===== Material shown
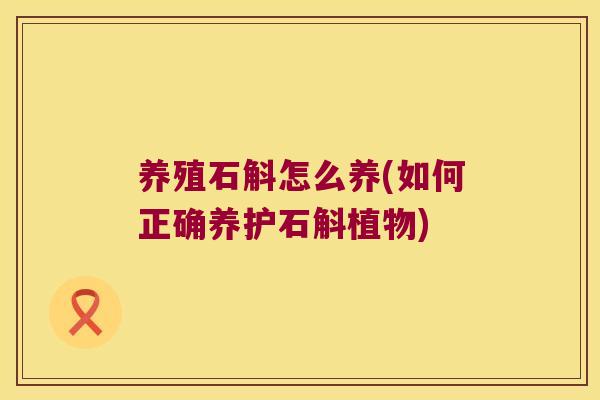 养殖石斛怎么养(如何正确养护石斛植物)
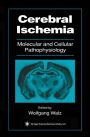 Cerebral Ischemia: Molecular and Cellular Pathophysiology / Edition 1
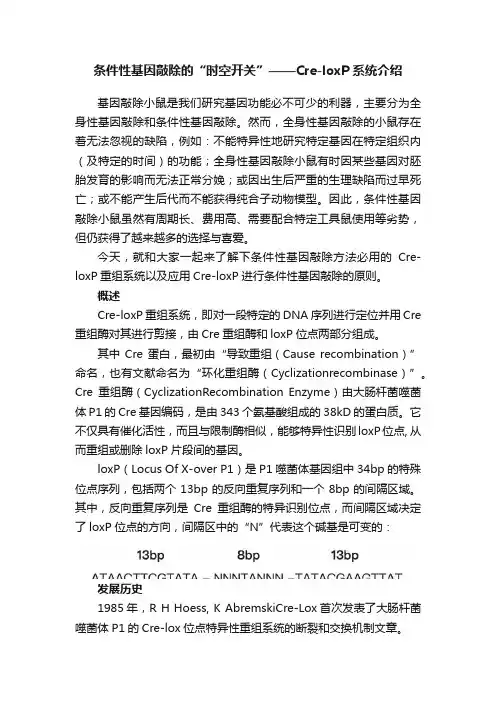 条件性基因敲除的“时空开关”——Cre-loxP系统介绍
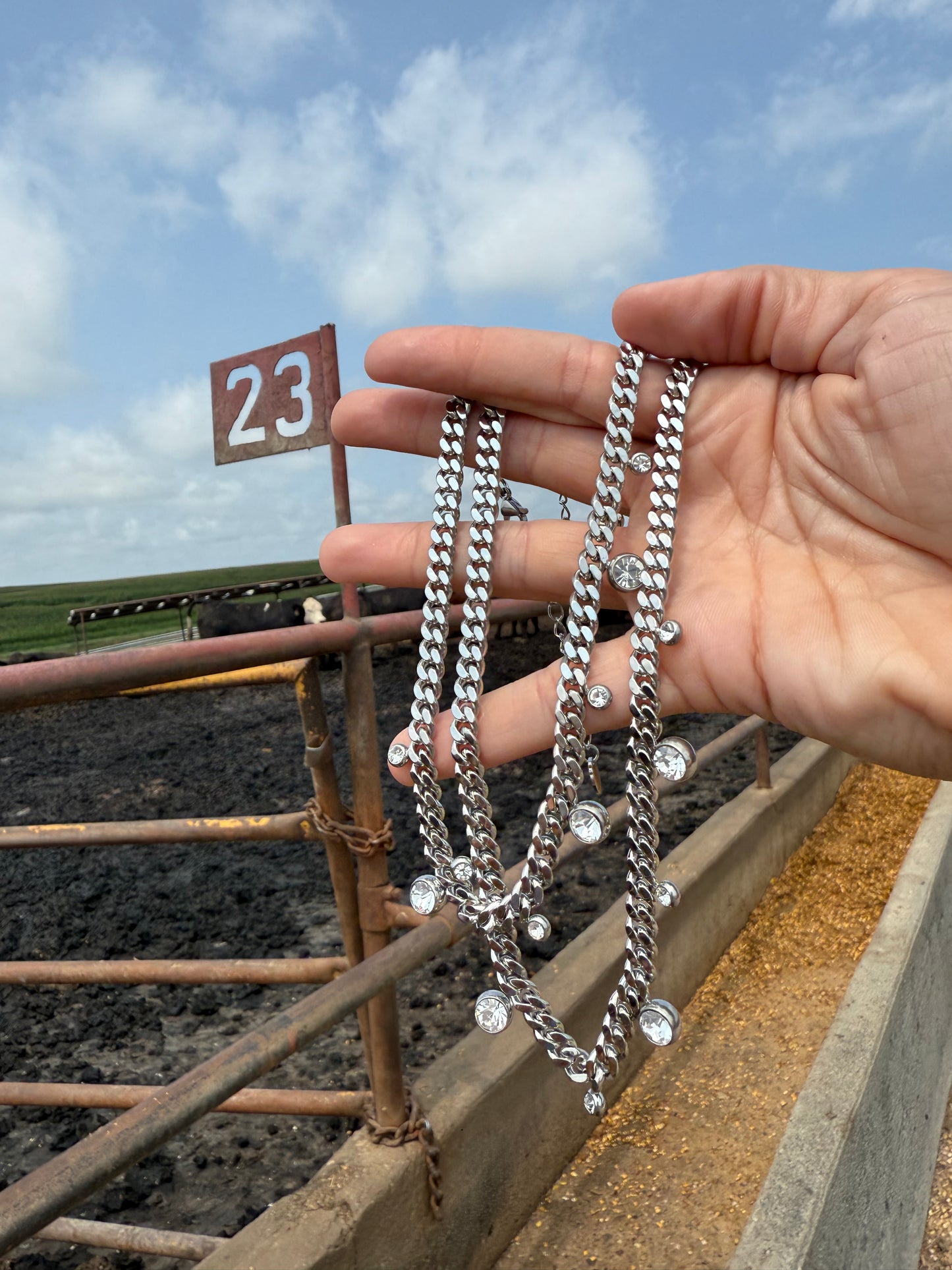 Curb Chain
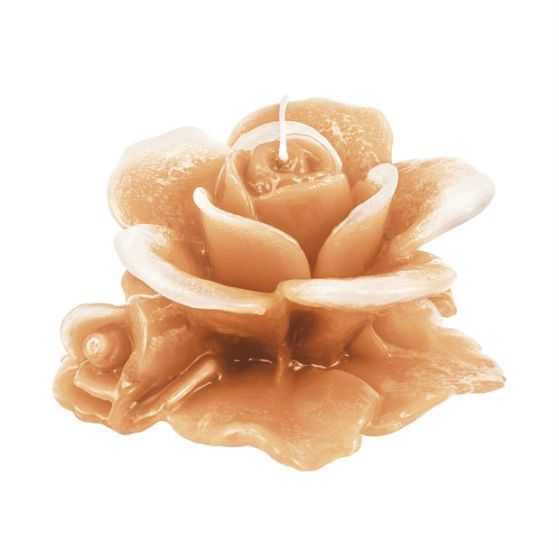 CANDLE PASSION ROSE IVORY
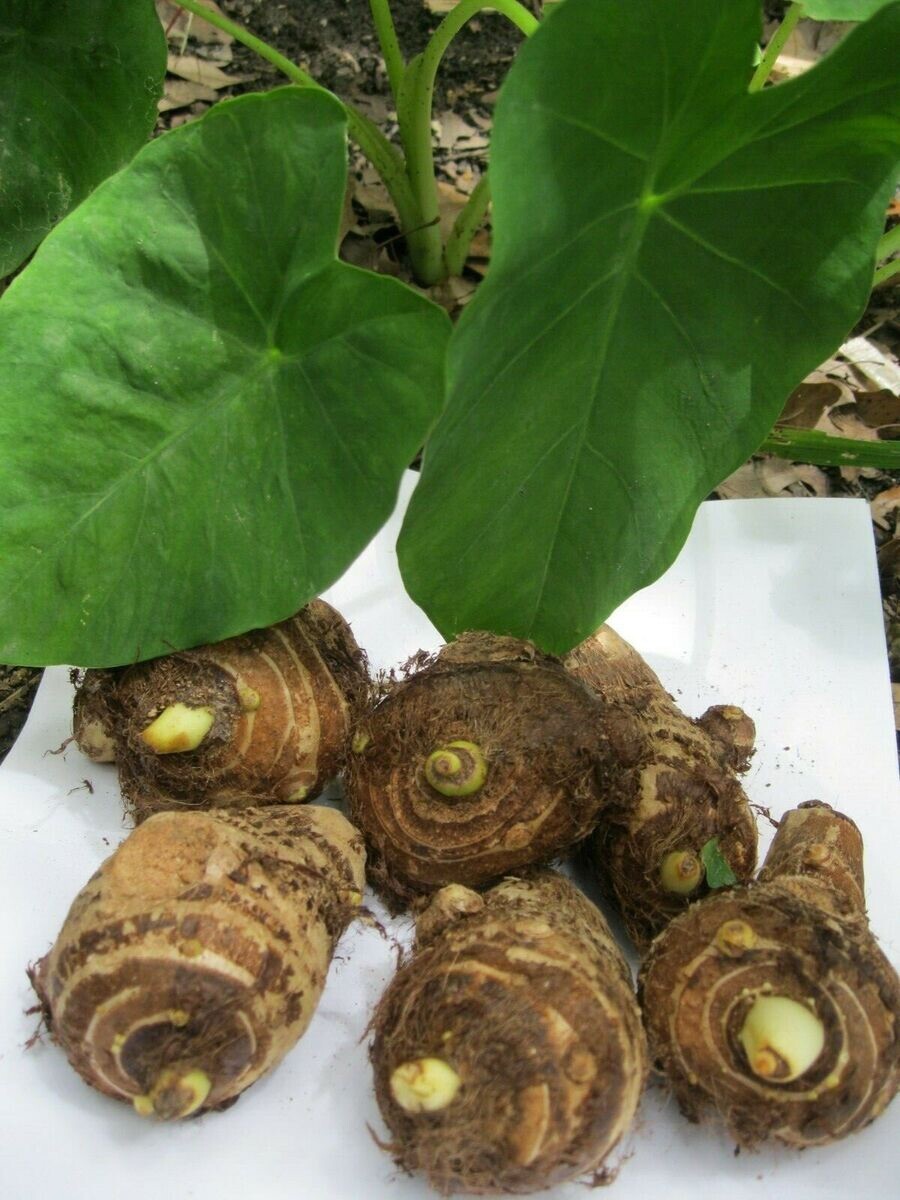 10 LIVE Colocasia Esculenta Elephant Ear Taro Gabi Kalo Eddo Bulbs READY to GROW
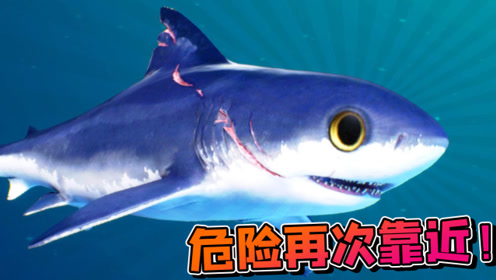 食人鲨:一鼓作气挑战水中巨鳄!小飞象解说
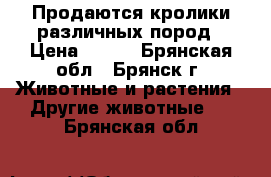 Продаются кролики различных пород › Цена ­ 600 - Брянская обл., Брянск г. Животные и растения » Другие животные   . Брянская обл.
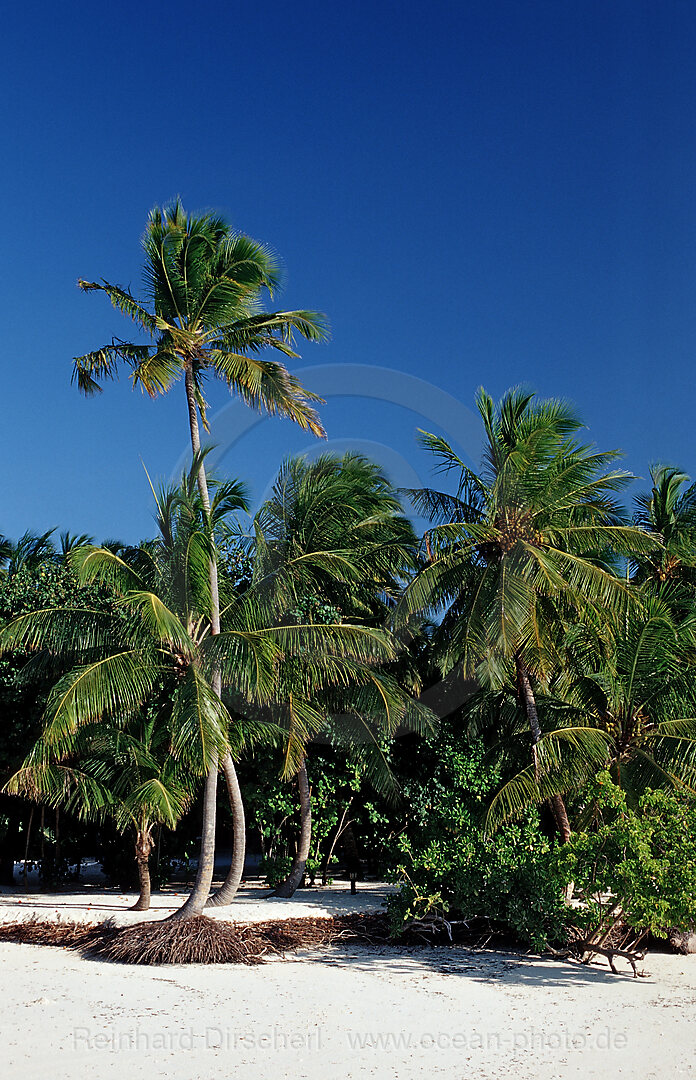 Palmenstrand auf Malediveninsel, Indischer Ozean, Medhufushi, Meemu Atoll, Malediven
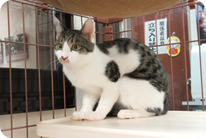 譲渡動物情報ねこ7059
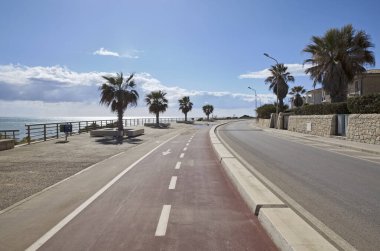 İtalya, Sicilya, Akdeniz, Marina di Ragusa (Ragusa Eyaleti), palmiye ağaçlı bisiklet yolu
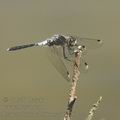 Leucorrhinia_albifrons_af0226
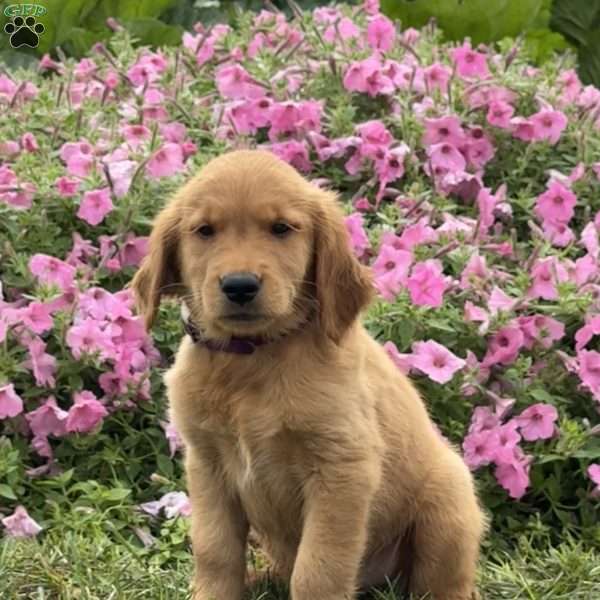 Fudge, Golden Retriever Puppy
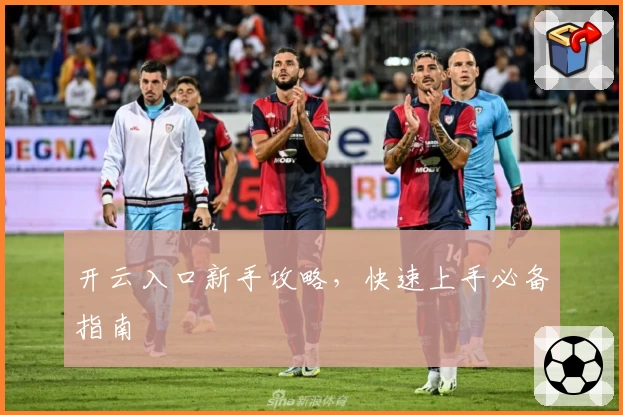 开云入口新手攻略，快速上手必备指南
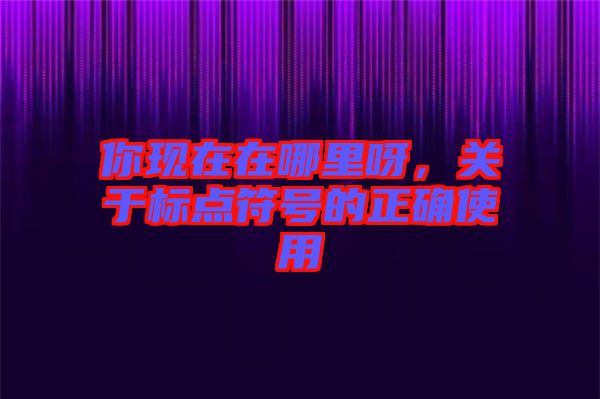 你現在在哪里呀,關于標點符號的正確使用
==========
→ **Exercise aim**: The answer must consist solely of the lines from the first line of the data through the line containing "10 LIVE Colocasia", inclusive, reproduced exactly and without pictures.

→ **Result**:
 养殖石斛怎么养(如何正确养护石斛植物)
 Cerebral Ischemia: Molecular and Cellular Pathophysiology / Edition 1
 条件性基因敲除的“时空开关”——Cre-loxP系统介绍
 Curb Chain
 CANDLE PASSION ROSE IVORY
 10 LIVE Colocasia Esculenta Elephant Ear Taro Gabi Kalo Eddo Bulbs READY to GROW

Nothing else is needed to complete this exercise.